TTK m. 122 hükmü, acentenin denkleştirme istemini açıkça düzenlemektedir. Acentenin denkleştirme istemine ilişkin düzenleme, hakkaniyete aykırı düşmedikçe tek satıcılık ile benzeri diğer tekel hakkı veren sürekli sözleşme ilişkilerinin sona ermesi hâlinde de uygulanır.

Denkleştirme isteminin birçok şartı vardır. Bunlar; sözleşmenin sona ermesi, yeni ve sürekli müşterilerin müvekkile kazandırılması, acentenin ücret kaybı ile denkleştirme bedeli ödenmesinin hakkaniyete uygun olmasıdır.
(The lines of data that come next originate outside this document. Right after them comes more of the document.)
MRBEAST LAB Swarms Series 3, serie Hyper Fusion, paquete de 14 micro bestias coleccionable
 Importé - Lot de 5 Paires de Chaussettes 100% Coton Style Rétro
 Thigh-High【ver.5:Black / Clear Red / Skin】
Hakkaniyet ilkesi ayrıca denkleştirme bedelinin takdirinde de önem taşır. Bu bağlamda hakkaniyet, eldeki verilerin niteliğine göre bedelin artmasına veya azalmasına neden olabilmektedir.

Acentenin talepte bulunamayacağı iki hal müvekkilin feshi haklı gösterecek bir eylemi olmaksızın sözleşmenin acente tarafından feshi ve acentenin kusuruna dayanan haklı bir sebeple sözleşmenin müvekkil tarafından feshi şeklinde belirlenmiştir.
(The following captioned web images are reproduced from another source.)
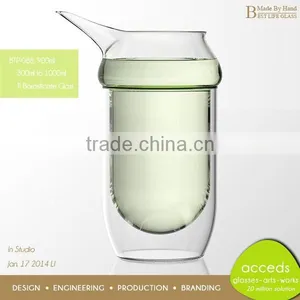 Custom Manufacture Novelty Borosilicate Tea Cup And Glass Ware thumbnail-1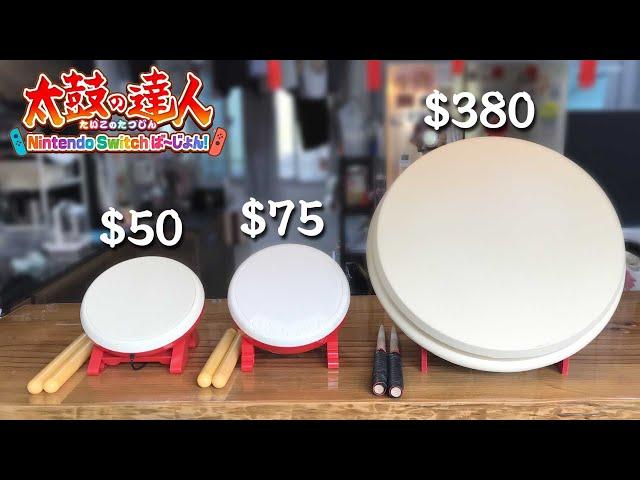 $50 drum vs $75 drum vs $380 drum | Nintendo Switch Drum Controllers for Taiko no Tatsujin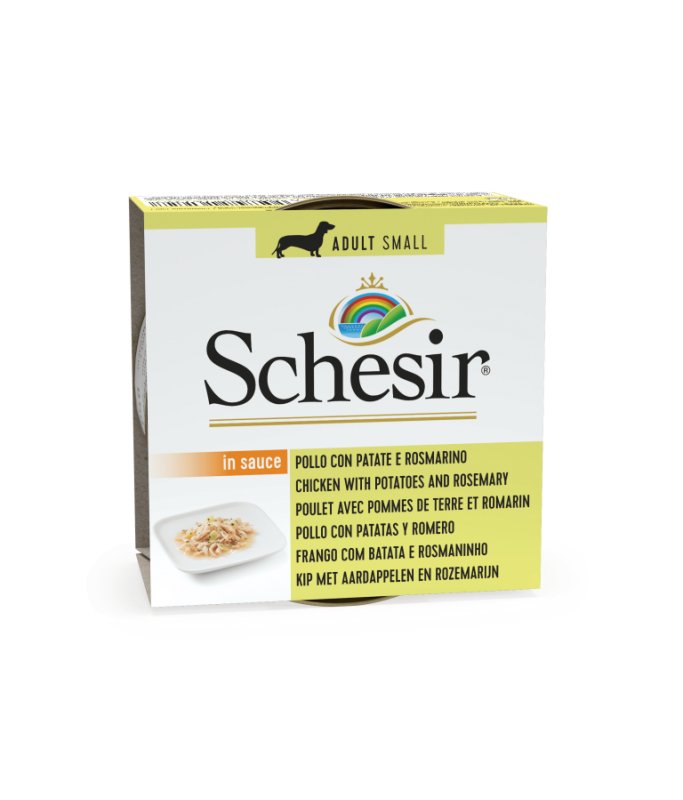 Schesir Dog Wet Food Can 85g 14pcs - Shopivet.com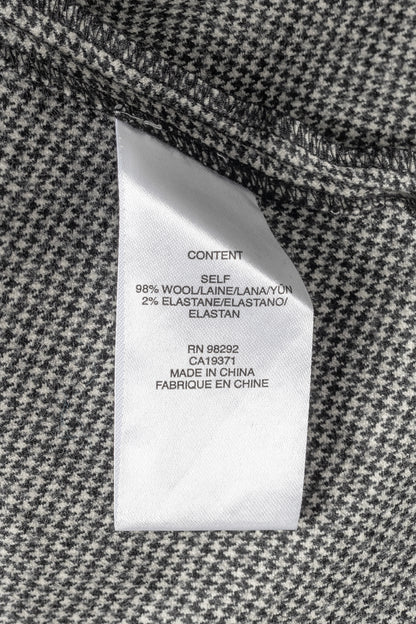 Tibi Black & Ivory Baby Houndstooth Slouch Skirt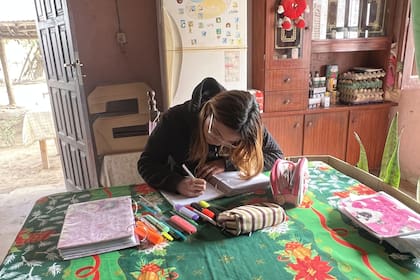 Ayelén es muy aplicada en la escuela, le encantan las matemáticas y quiere seguir la carrera de Psicología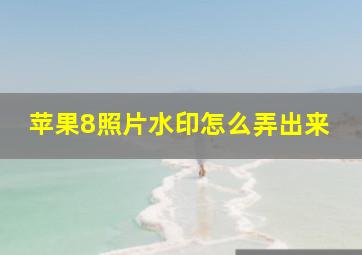 苹果8照片水印怎么弄出来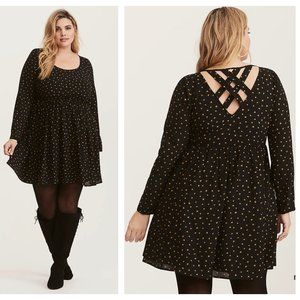 TORRID Star Georgette Strappy Skater Dress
Denkleştirme isteminden sözleşme sona ermeden feragat edilemez ve denkleştirme isteminin en geç bir yıl içerisinde müvekkile iletilmesi gerekmektedir.

Yukarıda incelenen Yargıtay kararları ve verilen bilgiler ışığında acentenin denkleştirme (portföy) tazminatı talebinin kabul edilebilmesi için Kanunda aranan tüm şartların kümülatif olarak gerçekleşmesi, bu gerçekleşmenin yerel mahkemece aldırılacak heyet bilirkişi raporu ile ispat edilmesi ve müvekkilin acentelik sözleşmesinden sonra da menfaatinin devam ettiğinin ortaya koyulması gerekmektedir.